Jones, who plans to attend all of the PDRA events this season, had plenty of praise for the new organization.
“Racing with the PDRA has been some of the most fun I’ve had; it’s been great,” he said. “I believe the people behind the organization have done as good a job as could be done. Starting something new, especially knowing the financial challenges involved, is a high-risk deal these days. I think they have done a great job securing class sponsorships and contingency payouts for the racers. There’s not much doubt that some potential sponsors and backers are skeptical based on experiences with other sanctioning bodies in the past. It’s just going to take a little time for the PDRA to prove it has the structure, the people and the racer support to carry it into the future.

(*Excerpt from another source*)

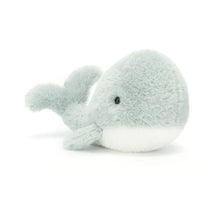 Load image into Gallery viewer, JELLYCAT WAVELLY WHALE | GREY | MINI
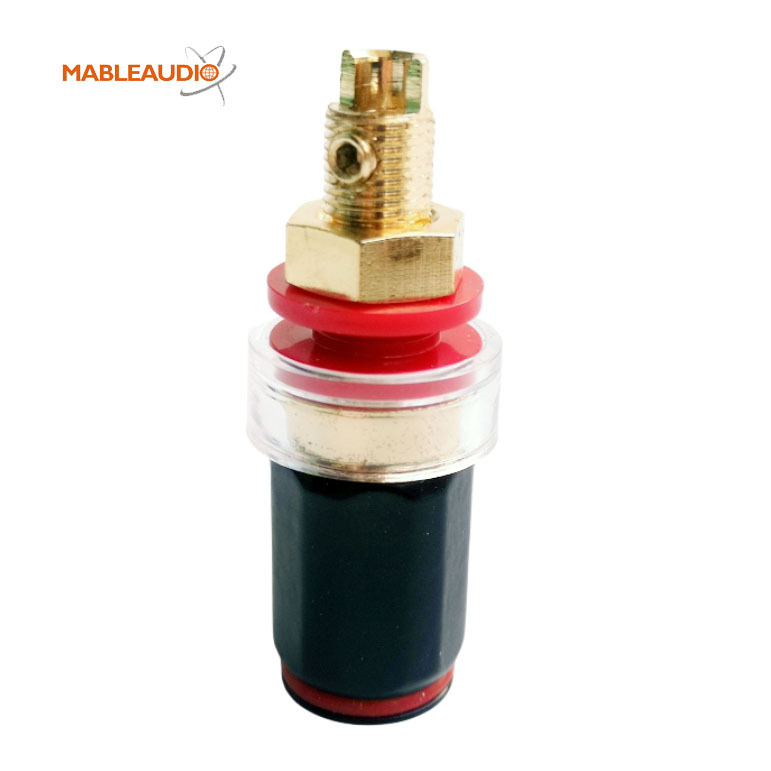 MABG0016G 0052 short gold binding post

“And as far as I’m concerned the level of competition is second to none,” Jones added. “I like to say it’s where the fastest door cars in the world come to play. The bottom line is that it’s all about prestige, to see who really is the best in the game. The money along the way is nice, but even though it helps out some it’s not going to offset your costs to be at the top level. When I worked for Jason I didn’t get paid, and my guys don’t get paid either. We all do it for the fun of doing it. Sure, there are good days and bad days but when it’s all said and done it’s a lot of fun. And right now we’re all having plenty of fun.”